En tous les cas, contrairement à une idée fausse,
l’opinion publique burkinabé n’est pas si analphabète
politiquement. Les prises de position à l’assemblée restent
gravées dans sa mémoire et elle sait reconnaître les siens. Il
est toujours plus facile de dominer que de se dominer, et la
démocratie ne doit jamais l’oublier. La majorité doit savoir se
dominer et ne pas croire que la raison du plus fort est toujours
la meilleure, et l’opposition doit se départir de son angélisme
pleurnichard pour qu’enfin notre démocratie tende vers la
qualité et éviter de céder la place au règne de la quantité
robotisée.

Mais fondamentalement, c’est le scrutin de liste qui
génère tous ces travers, véritables freins à l’enracinement
démocratique. Il faut qu’on en arrive un jour à bannir à jamais la
méthode à la soviétique où les candidats sont chapeautés par
le parti. La politique du ventre étant un paramètre incontournable
dans cette jungle politique et le vote à main levée une arme
dissuasive de la tentation de voter selon sa conscience, il est
certain qu’il faudra un jour envisager le renforcement de la
démocratie par le scrutin uninominal qui libère le candidat de la
tyrannie, de la dépendance et du poids du parti.

Raison de plus
pour ne pas désarmer. Le contraire serait oublier que
l’accession au pouvoir est une course de fond et d’obstacles et
non une course de vitesse.

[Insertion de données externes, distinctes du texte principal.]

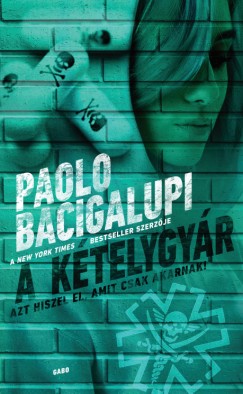 Paolo Bacigalupi - A ktelygyr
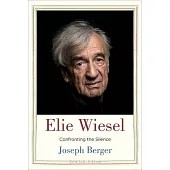 Elie Wiesel: Confronting the Silence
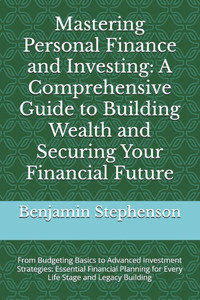 Mastering Personal Finance and Investing: A Comprehensive Guide to Building Wealth and Securing Your Financial Future: From Budgeting Basics to Advanc Mastering Personal Finance and Investing: A Comprehensive Guide to Building Wealth and Securing Your Financial Future: From Budgeting Basics to Advanc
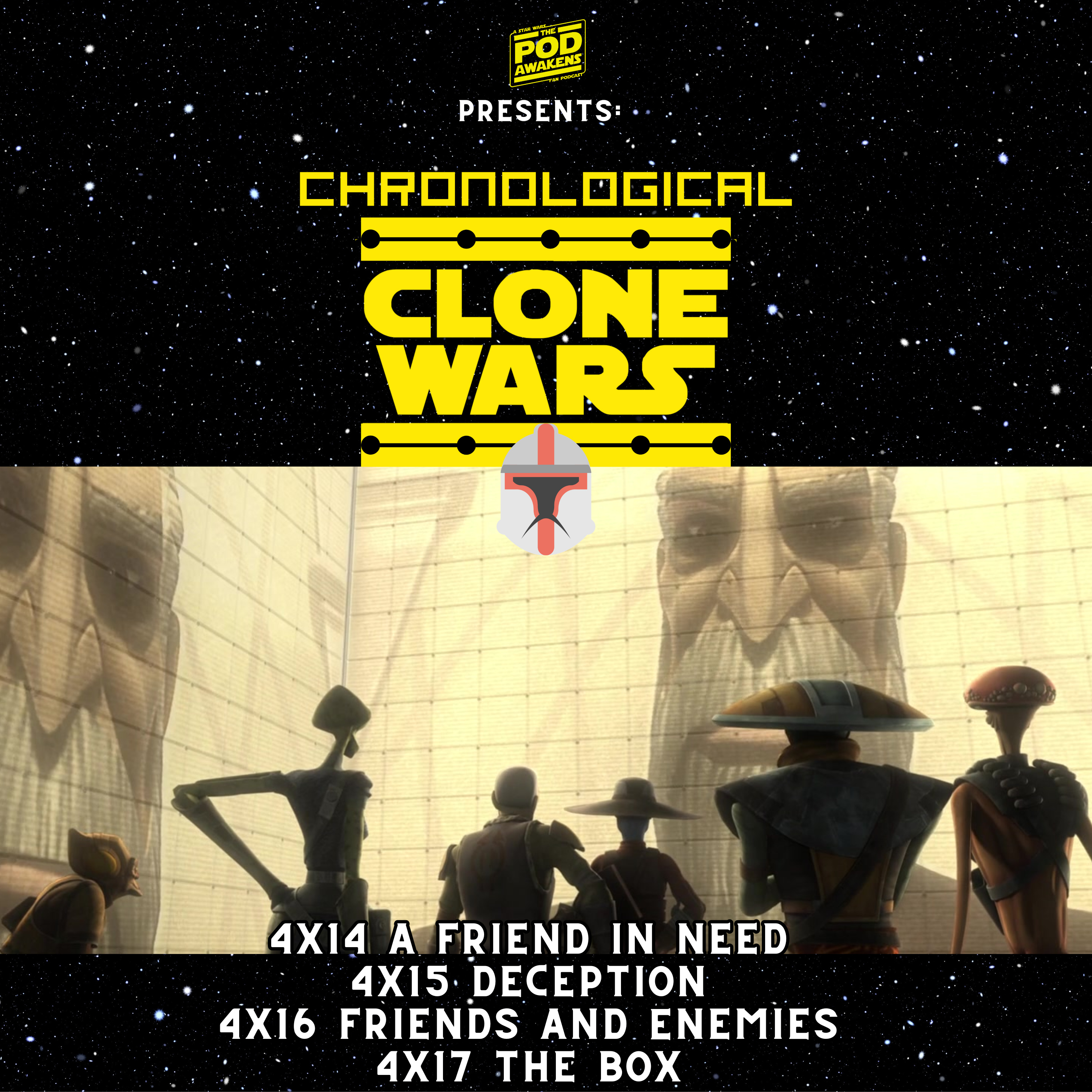 Chronological Clone Wars: 4x14 A Friend in Need, 4x15 Deception 4x16 Friends and Enemies and 4x17 The Box episode artwork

Nous osons espérer que les élus
burkinabè pourront prendre exemple sur leurs homologues
d’autres pays.

En effet, des élus burkinabè ont certainement eu
maintes fois l’occasion, dans leurs pérégrinations
parlementaires, de se frotter à d’autres parlementaires et
d’entendre des échos de leurs débats. Dans ces pays-là, il n’est
pas rare qu’un élu de l’opposition vote à main levée un projet de
loi proposé par son collègue du parti du pouvoir et vice-versa. Il
s’agit de savoir de quelle démocratie on veut.